Although the data below holds other lines too, output only those from the line with "干鍋辣子雞的做法-香辣味炒菜譜" up to and including the line with "La Fed no mueve", exactly as they appear.

┄┄┄┄┄┄

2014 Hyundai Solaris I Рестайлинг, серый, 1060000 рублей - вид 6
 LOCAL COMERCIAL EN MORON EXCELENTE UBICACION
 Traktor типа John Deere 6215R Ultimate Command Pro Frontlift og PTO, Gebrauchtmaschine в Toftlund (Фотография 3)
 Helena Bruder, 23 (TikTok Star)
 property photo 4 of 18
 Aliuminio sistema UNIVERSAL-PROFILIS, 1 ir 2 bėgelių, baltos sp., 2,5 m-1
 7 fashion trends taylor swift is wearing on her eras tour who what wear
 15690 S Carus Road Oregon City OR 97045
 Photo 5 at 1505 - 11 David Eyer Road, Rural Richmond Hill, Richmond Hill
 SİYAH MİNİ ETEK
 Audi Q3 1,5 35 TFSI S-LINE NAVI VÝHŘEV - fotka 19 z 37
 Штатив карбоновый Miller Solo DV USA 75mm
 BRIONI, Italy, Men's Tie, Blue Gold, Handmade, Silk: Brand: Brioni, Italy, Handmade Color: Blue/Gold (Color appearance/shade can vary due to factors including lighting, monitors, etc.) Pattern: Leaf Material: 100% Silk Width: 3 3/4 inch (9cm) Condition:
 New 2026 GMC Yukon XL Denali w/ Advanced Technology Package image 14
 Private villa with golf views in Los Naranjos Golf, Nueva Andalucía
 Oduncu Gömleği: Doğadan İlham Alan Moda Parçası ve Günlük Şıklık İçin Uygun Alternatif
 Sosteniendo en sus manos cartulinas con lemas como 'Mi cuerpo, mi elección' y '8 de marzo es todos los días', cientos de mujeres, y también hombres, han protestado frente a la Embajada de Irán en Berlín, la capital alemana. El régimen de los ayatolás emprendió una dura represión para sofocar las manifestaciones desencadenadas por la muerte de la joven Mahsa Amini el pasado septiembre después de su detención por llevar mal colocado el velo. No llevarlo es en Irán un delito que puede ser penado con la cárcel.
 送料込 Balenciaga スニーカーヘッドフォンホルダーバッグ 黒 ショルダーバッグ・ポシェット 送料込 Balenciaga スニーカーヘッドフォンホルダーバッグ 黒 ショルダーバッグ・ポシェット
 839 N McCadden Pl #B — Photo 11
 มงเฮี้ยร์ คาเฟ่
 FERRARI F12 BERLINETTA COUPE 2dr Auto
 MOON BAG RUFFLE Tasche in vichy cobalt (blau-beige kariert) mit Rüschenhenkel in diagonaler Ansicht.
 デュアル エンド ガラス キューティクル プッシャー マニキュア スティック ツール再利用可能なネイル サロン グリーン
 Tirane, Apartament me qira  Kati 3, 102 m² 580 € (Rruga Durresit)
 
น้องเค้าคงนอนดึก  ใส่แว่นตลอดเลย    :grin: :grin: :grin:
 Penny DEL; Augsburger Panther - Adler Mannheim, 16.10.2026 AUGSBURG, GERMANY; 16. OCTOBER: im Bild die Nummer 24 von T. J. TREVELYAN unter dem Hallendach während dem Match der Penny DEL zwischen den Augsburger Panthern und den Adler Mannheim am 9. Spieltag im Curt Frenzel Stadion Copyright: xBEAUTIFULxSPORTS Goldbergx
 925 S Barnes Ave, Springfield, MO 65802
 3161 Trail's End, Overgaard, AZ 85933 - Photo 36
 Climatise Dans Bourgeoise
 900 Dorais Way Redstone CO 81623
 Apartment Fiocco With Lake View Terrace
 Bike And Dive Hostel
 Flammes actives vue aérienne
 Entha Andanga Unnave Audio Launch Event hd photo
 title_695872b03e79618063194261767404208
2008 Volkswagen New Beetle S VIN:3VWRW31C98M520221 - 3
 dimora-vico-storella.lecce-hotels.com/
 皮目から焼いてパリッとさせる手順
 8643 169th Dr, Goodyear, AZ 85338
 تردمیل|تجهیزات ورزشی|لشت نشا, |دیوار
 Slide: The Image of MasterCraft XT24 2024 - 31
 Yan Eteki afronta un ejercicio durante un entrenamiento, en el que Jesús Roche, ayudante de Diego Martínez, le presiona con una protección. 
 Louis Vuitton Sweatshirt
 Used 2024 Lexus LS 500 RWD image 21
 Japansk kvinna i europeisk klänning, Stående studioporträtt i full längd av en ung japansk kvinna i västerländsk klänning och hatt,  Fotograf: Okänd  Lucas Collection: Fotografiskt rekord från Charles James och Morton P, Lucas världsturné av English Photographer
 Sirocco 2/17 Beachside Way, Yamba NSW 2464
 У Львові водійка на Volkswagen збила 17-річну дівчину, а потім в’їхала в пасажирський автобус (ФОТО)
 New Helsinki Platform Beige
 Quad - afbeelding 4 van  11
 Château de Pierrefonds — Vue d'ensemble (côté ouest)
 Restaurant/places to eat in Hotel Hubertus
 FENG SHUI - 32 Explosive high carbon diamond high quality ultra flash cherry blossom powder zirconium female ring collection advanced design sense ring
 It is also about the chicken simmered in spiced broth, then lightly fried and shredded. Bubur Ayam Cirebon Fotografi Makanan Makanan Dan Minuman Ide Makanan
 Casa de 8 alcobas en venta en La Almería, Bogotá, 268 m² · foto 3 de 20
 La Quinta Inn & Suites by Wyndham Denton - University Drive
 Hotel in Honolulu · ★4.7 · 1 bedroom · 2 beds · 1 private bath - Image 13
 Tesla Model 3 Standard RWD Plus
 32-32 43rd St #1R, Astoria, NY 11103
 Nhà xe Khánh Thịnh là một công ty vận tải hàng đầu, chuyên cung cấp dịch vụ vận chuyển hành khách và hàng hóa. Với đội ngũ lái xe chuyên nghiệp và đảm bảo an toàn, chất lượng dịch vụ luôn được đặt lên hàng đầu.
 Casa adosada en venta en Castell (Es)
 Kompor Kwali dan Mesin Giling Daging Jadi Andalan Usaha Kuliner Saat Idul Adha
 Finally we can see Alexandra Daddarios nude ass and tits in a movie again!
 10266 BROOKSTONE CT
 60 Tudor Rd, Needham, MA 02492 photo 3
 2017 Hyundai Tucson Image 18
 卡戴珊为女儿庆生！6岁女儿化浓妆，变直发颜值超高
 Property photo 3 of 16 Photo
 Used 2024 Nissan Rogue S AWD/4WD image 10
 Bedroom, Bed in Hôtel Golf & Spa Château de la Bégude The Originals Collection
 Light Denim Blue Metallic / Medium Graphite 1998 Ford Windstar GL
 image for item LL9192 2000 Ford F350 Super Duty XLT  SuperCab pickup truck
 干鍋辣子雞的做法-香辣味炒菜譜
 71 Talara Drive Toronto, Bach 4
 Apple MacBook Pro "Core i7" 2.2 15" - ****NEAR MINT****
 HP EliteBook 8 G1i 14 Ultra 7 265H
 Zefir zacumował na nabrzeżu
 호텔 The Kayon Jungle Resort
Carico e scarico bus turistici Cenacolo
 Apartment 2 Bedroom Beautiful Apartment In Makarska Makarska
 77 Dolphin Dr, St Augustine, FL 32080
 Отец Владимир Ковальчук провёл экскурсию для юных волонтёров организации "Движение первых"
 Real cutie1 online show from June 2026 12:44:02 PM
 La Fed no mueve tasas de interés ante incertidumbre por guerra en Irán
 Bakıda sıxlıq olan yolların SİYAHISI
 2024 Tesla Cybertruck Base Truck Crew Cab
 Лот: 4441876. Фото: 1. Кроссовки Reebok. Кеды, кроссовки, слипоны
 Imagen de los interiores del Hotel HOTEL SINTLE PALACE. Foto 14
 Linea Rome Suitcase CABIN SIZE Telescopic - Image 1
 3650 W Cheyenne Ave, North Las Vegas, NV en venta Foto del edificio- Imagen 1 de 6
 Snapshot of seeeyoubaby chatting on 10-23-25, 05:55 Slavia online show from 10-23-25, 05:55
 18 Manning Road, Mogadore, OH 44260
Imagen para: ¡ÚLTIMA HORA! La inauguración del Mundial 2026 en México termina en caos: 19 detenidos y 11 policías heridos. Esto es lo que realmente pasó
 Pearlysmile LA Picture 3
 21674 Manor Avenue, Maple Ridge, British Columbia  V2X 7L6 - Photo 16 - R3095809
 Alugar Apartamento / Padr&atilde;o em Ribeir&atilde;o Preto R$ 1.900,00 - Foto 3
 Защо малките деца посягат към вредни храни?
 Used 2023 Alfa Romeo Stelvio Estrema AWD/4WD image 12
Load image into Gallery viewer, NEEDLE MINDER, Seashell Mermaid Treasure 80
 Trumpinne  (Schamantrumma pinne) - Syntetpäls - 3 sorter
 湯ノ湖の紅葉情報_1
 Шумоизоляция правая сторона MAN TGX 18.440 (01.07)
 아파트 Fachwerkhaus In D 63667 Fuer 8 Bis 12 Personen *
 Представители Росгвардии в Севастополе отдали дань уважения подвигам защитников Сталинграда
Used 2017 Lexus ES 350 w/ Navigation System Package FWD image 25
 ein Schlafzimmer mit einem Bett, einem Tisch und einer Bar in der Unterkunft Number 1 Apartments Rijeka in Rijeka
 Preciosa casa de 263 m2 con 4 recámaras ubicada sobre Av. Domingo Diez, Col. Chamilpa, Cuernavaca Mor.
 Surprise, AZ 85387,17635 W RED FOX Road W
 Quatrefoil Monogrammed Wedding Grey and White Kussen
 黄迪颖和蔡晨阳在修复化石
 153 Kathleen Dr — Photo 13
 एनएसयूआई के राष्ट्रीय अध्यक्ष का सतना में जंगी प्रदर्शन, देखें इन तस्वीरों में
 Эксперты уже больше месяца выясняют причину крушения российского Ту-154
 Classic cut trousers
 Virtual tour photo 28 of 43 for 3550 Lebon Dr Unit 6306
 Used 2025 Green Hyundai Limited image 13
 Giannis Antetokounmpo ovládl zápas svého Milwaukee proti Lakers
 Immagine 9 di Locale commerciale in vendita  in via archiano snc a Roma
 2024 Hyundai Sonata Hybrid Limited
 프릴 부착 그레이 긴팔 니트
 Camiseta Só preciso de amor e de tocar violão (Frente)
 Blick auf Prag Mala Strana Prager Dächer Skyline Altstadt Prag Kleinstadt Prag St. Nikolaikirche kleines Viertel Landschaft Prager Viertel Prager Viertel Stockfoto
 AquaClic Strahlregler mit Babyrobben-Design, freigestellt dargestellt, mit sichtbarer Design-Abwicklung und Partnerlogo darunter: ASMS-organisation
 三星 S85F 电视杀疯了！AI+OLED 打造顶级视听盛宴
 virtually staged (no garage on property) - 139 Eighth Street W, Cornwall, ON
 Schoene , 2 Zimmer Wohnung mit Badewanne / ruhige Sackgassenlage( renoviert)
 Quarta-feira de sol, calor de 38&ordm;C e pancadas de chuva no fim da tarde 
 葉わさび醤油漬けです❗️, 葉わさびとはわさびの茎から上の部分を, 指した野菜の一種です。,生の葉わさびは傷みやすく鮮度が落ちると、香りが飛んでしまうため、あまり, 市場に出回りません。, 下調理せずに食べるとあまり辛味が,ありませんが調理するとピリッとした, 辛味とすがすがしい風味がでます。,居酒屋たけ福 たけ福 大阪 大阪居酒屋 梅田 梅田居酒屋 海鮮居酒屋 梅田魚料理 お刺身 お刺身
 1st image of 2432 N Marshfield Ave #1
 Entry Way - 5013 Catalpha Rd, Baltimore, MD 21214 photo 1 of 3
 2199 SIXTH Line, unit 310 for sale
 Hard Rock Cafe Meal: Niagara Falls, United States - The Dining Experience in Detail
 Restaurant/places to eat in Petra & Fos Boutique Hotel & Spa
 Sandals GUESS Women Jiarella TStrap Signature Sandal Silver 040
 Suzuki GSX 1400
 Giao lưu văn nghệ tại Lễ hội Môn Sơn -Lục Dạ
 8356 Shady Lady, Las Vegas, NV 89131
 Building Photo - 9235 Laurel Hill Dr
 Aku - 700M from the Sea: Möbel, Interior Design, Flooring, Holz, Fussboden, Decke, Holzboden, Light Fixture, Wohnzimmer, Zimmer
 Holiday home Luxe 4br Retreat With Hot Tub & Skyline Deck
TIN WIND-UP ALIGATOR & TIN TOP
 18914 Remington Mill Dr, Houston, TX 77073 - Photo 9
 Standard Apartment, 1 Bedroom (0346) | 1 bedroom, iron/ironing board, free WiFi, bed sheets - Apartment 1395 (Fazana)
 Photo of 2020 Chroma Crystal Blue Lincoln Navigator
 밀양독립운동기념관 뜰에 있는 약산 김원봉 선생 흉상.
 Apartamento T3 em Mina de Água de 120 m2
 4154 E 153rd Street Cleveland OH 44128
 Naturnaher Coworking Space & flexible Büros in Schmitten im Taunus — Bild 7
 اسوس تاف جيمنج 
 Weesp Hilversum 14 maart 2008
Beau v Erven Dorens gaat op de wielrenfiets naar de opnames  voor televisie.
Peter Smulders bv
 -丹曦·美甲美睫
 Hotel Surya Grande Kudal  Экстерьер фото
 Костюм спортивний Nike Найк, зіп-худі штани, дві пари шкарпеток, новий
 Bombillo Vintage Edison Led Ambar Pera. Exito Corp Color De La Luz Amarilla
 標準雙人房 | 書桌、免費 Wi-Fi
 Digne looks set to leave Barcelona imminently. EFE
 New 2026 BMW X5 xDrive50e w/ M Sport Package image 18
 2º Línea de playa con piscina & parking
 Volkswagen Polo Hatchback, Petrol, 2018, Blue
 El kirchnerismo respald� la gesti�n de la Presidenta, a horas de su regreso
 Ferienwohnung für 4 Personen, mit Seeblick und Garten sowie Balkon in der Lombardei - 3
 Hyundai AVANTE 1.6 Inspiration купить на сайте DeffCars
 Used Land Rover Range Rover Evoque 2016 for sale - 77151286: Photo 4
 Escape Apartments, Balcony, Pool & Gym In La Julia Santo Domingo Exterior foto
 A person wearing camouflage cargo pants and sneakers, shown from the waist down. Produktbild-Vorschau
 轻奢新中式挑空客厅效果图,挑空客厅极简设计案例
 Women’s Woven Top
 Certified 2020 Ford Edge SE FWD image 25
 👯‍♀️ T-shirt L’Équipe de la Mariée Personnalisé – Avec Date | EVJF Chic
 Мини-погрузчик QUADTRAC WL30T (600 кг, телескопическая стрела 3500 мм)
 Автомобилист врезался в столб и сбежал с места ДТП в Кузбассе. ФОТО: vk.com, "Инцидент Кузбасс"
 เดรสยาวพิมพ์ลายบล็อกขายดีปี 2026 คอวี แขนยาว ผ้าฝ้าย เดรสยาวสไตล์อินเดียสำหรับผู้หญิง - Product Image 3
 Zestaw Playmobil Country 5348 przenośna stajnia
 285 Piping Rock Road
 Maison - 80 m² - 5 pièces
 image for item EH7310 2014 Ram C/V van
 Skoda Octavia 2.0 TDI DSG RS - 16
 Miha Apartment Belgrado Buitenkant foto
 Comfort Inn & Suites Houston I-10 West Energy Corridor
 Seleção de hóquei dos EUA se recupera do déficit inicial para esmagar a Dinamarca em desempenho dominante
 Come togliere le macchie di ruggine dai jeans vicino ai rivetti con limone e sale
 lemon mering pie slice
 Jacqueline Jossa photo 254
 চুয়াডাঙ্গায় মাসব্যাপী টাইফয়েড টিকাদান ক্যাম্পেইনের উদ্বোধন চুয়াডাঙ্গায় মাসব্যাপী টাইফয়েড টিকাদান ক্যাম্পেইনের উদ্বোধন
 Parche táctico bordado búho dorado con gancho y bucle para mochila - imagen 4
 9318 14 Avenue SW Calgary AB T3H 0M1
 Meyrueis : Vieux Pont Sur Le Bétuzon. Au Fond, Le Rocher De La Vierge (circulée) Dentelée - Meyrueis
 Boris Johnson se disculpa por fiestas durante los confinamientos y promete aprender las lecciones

┄┄┄┄┄┄

YOUR RESPONSE –
 干鍋辣子雞的做法-香辣味炒菜譜
 71 Talara Drive Toronto, Bach 4
 Apple MacBook Pro "Core i7" 2.2 15" - ****NEAR MINT****
 HP EliteBook 8 G1i 14 Ultra 7 265H
 Zefir zacumował na nabrzeżu
 호텔 The Kayon Jungle Resort
Carico e scarico bus turistici Cenacolo
 Apartment 2 Bedroom Beautiful Apartment In Makarska Makarska
 77 Dolphin Dr, St Augustine, FL 32080
 Отец Владимир Ковальчук провёл экскурсию для юных волонтёров организации "Движение первых"
 Real cutie1 online show from June 2026 12:44:02 PM
 La Fed no mueve tasas de interés ante incertidumbre por guerra en Irán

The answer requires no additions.